■ **Entries supplied**

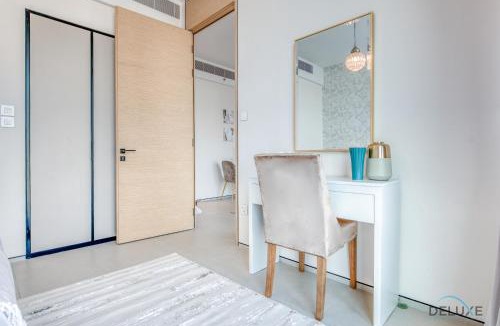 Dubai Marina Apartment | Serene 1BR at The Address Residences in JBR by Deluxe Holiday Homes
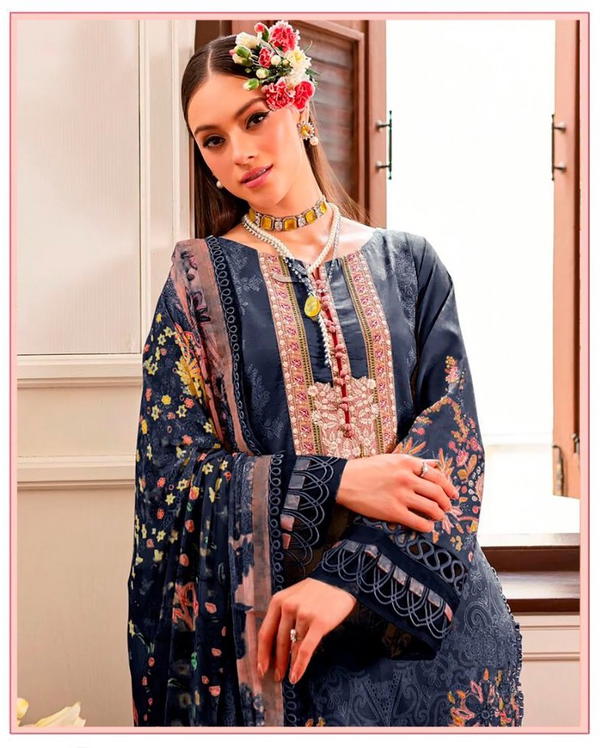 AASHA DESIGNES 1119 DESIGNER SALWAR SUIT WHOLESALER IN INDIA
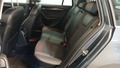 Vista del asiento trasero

==

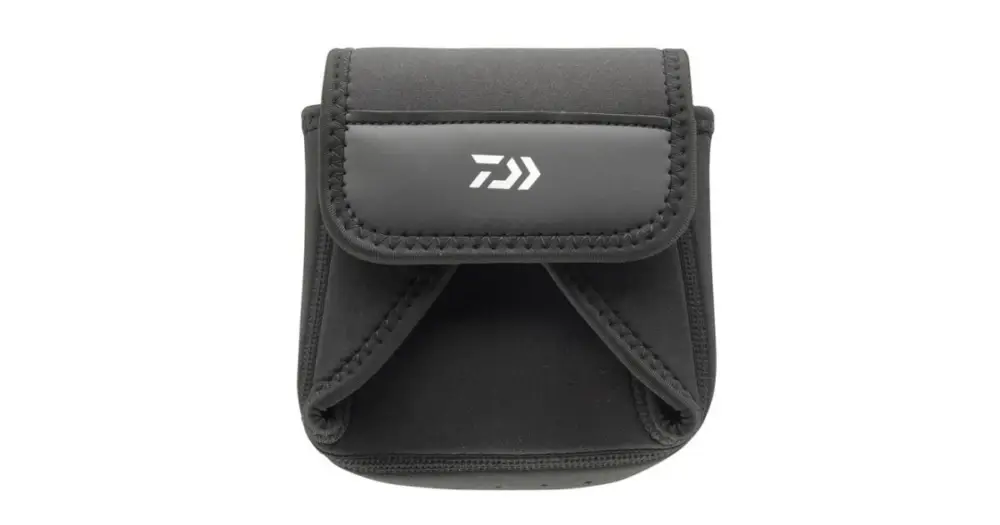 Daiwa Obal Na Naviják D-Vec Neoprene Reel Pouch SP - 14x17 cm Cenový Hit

==

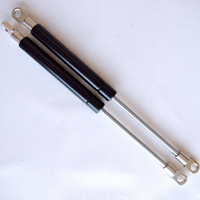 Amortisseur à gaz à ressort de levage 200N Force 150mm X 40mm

■ **Task to complete**
Taking the entries above, extract every line from the one bearing "Dubai Marina Apartment" through the one bearing "Vista del asiento trasero", exactly, with no pictures.

■ **Response for this exercise**
 Dubai Marina Apartment | Serene 1BR at The Address Residences in JBR by Deluxe Holiday Homes
 AASHA DESIGNES 1119 DESIGNER SALWAR SUIT WHOLESALER IN INDIA
 Vista del asiento trasero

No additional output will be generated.